Exercise brief: Take the lines from the one with "Продажа 2-комн квартиры" through the end of the material below and repeat them exactly, dropping every picture.

Records for processing:

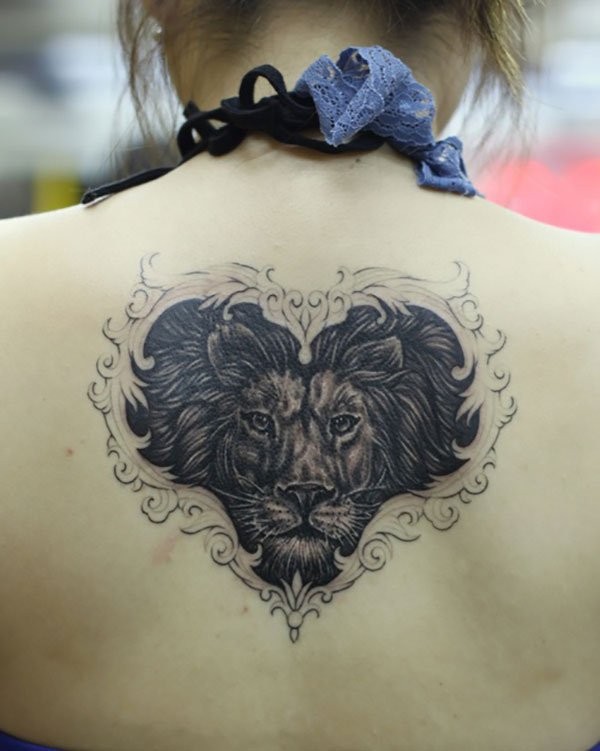 背部黑白心形的狮子头像纹身图案
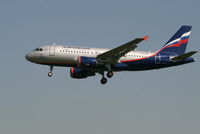 VQ-BBD @ EBBR - Arrival of flight SU235 to RWY 25L - by Daniel Vanderauwera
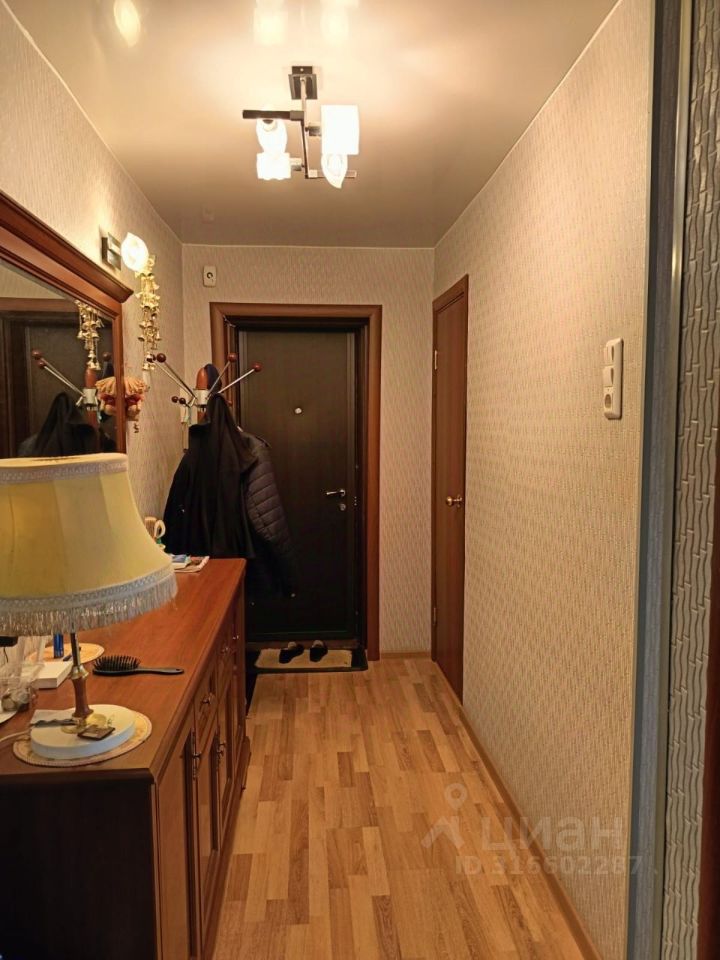 Продажа 2-комн квартиры на вторичном рынке пос. Стрельна, Кропоткинская улица, 6к1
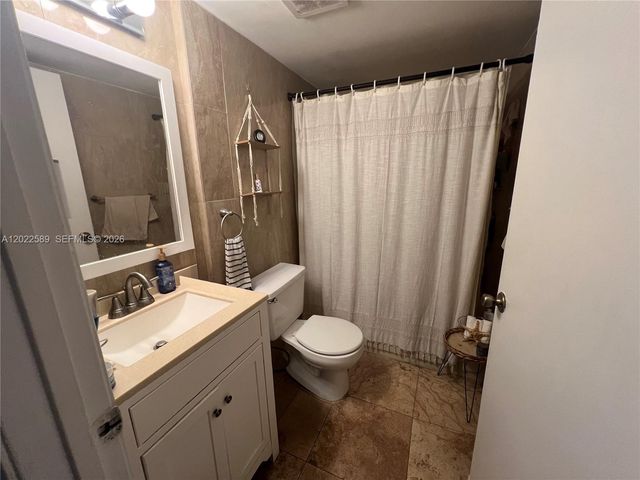3690 N 56th Ave 916, Hollywood, FL 33021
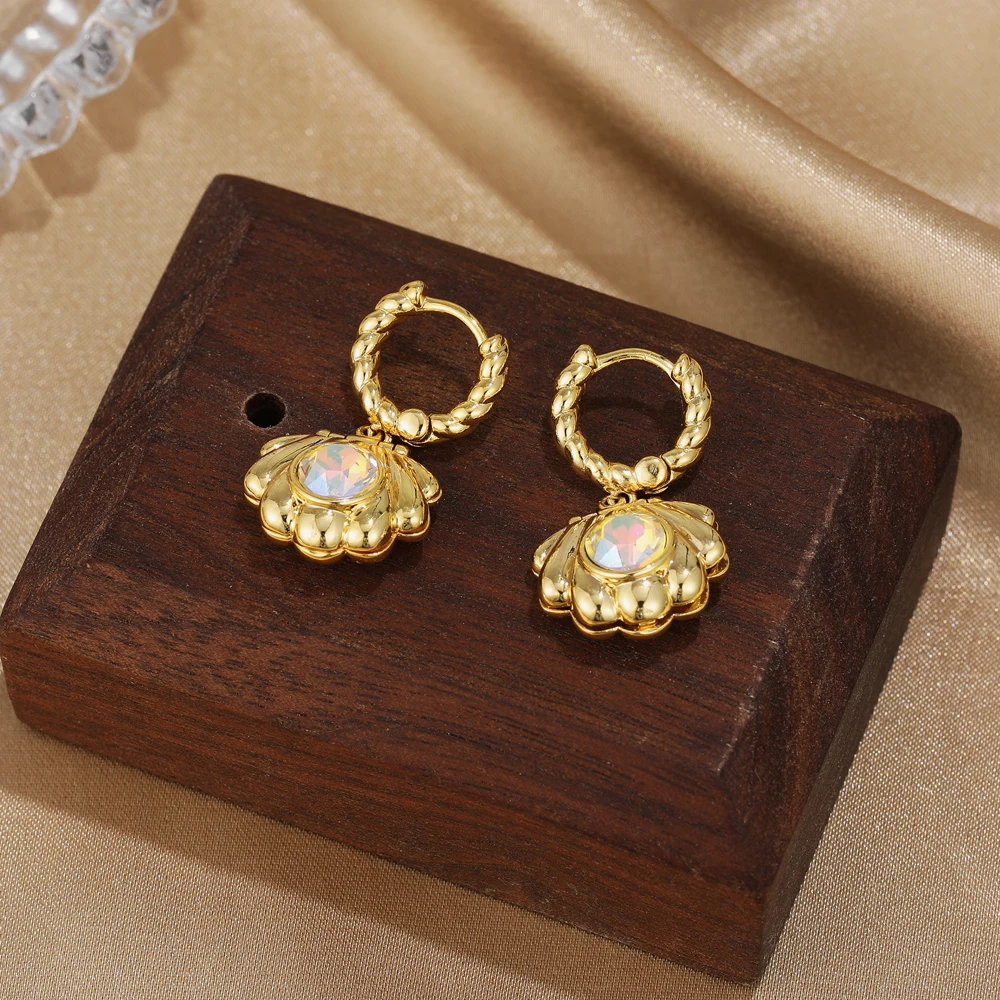 18K Gold Plated Twist Mini Circle Round Huggie Ear Hoops Openable Scallop Shell Crystal Drop Earrings Unique Jewelry 2026 Серьги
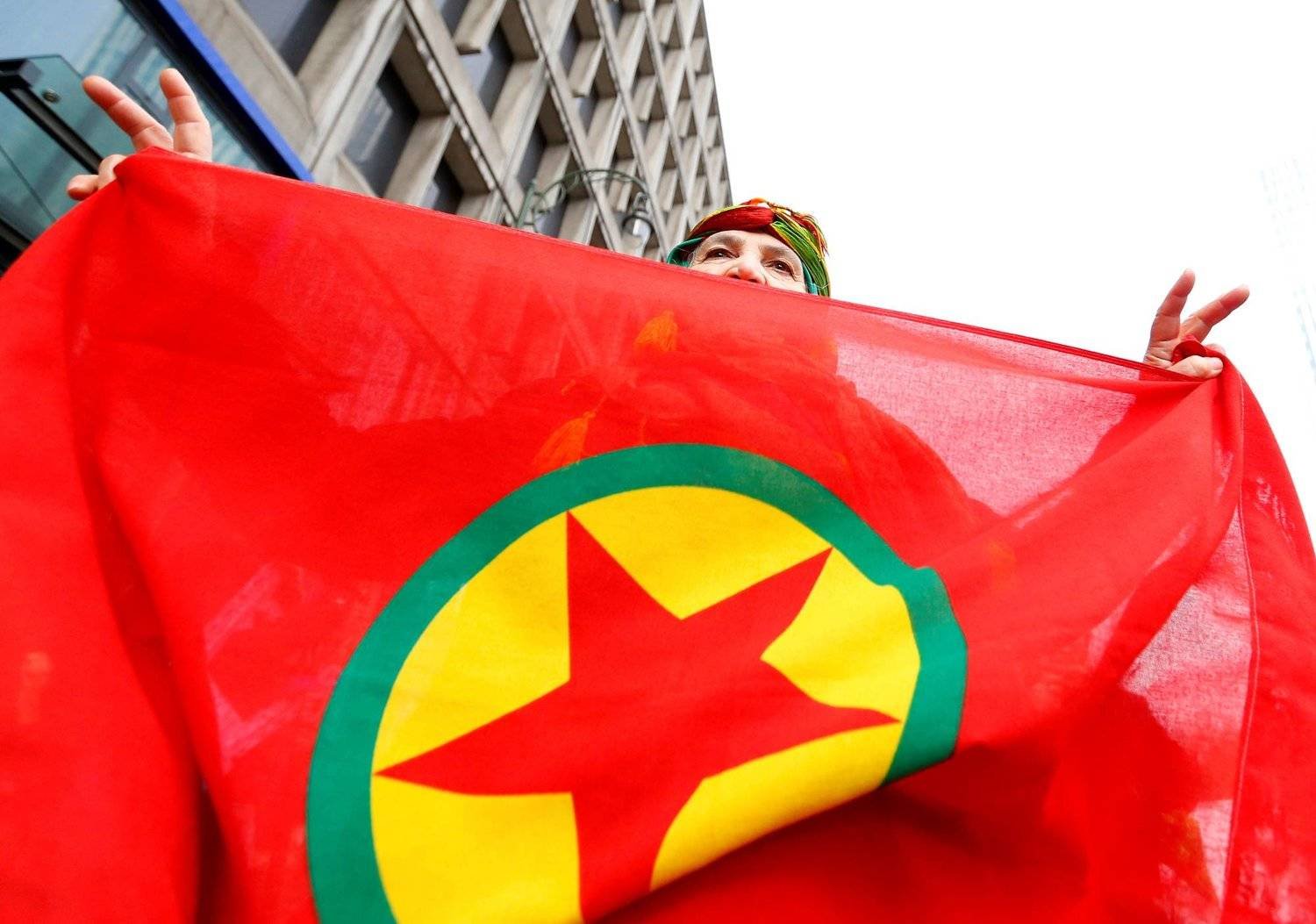 امرأة تحمل علم حزب «العمال» الكردستاني خلال مظاهرة ضد الرئيس التركي رجب طيب إردوغان في وسط بروكسل بلجيكا 17 نوفمبر 2016 (أرشيفية - رويترز)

Reply to the exercise:
 Продажа 2-комн квартиры на вторичном рынке пос. Стрельна, Кропоткинская улица, 6к1
3690 N 56th Ave 916, Hollywood, FL 33021
 18K Gold Plated Twist Mini Circle Round Huggie Ear Hoops Openable Scallop Shell Crystal Drop Earrings Unique Jewelry 2026 Серьги
 امرأة تحمل علم حزب «العمال» الكردستاني خلال مظاهرة ضد الرئيس التركي رجب طيب إردوغان في وسط بروكسل بلجيكا 17 نوفمبر 2016 (أرشيفية - رويترز)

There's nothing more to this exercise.